------ Data listing ------

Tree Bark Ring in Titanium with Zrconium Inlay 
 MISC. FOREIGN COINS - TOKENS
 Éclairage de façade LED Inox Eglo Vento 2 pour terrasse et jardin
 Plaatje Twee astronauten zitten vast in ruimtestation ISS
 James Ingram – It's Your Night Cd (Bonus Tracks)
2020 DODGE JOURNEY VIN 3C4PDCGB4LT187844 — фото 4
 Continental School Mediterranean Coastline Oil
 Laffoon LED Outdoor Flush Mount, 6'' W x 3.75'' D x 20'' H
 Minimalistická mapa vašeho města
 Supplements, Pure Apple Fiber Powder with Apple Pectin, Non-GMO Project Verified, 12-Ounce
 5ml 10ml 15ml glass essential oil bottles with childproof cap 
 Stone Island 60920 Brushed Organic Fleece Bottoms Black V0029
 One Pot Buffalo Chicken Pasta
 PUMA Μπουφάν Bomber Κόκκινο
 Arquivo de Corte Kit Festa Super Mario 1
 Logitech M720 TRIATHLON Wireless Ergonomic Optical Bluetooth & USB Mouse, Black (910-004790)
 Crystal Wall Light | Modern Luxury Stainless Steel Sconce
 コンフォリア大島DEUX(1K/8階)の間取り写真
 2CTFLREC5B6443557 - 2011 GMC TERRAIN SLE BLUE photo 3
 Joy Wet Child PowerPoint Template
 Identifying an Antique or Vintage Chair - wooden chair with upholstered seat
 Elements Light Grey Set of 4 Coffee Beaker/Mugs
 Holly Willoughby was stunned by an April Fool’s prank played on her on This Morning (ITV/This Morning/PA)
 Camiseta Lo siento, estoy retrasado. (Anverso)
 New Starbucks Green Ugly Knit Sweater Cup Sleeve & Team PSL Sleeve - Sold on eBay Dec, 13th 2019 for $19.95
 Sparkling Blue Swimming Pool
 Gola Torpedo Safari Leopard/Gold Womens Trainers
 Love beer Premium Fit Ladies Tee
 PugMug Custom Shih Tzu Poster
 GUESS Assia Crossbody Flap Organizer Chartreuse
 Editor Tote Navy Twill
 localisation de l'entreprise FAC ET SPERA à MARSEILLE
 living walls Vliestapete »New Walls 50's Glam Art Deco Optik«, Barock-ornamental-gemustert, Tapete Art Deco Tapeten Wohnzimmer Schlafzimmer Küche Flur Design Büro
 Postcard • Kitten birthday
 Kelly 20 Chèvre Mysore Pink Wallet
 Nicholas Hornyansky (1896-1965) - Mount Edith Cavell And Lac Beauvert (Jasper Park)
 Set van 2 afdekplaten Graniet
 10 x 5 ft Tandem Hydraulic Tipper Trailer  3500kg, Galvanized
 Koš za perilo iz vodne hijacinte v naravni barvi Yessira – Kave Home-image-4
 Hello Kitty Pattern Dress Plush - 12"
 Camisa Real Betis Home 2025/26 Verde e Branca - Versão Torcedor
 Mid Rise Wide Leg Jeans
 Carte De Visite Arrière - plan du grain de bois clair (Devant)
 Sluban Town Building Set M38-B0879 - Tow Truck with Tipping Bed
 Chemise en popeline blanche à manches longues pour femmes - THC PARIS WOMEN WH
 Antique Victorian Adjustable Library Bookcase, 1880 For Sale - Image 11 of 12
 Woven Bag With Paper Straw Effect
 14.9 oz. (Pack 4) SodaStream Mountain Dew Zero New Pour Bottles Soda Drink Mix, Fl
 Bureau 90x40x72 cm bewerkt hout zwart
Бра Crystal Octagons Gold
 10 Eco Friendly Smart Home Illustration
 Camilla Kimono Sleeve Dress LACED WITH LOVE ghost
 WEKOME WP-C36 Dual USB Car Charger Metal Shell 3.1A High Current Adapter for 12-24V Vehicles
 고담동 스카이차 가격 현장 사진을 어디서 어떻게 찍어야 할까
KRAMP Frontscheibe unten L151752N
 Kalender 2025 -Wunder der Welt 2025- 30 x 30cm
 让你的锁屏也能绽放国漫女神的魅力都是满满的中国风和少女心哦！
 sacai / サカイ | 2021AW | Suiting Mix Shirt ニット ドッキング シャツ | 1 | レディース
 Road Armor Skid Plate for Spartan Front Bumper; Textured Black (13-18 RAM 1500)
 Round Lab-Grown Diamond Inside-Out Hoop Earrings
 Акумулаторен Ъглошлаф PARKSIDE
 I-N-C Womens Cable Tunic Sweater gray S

------

**Instructions to follow**:
Your answer should be the exact lines above from the one with "James Ingram –" through the one with "Minimalistická mapa vašeho města", both included, and nothing besides.

**Answer section**:
 James Ingram – It's Your Night Cd (Bonus Tracks)
2020 DODGE JOURNEY VIN 3C4PDCGB4LT187844 — фото 4
 Continental School Mediterranean Coastline Oil
 Laffoon LED Outdoor Flush Mount, 6'' W x 3.75'' D x 20'' H
 Minimalistická mapa vašeho města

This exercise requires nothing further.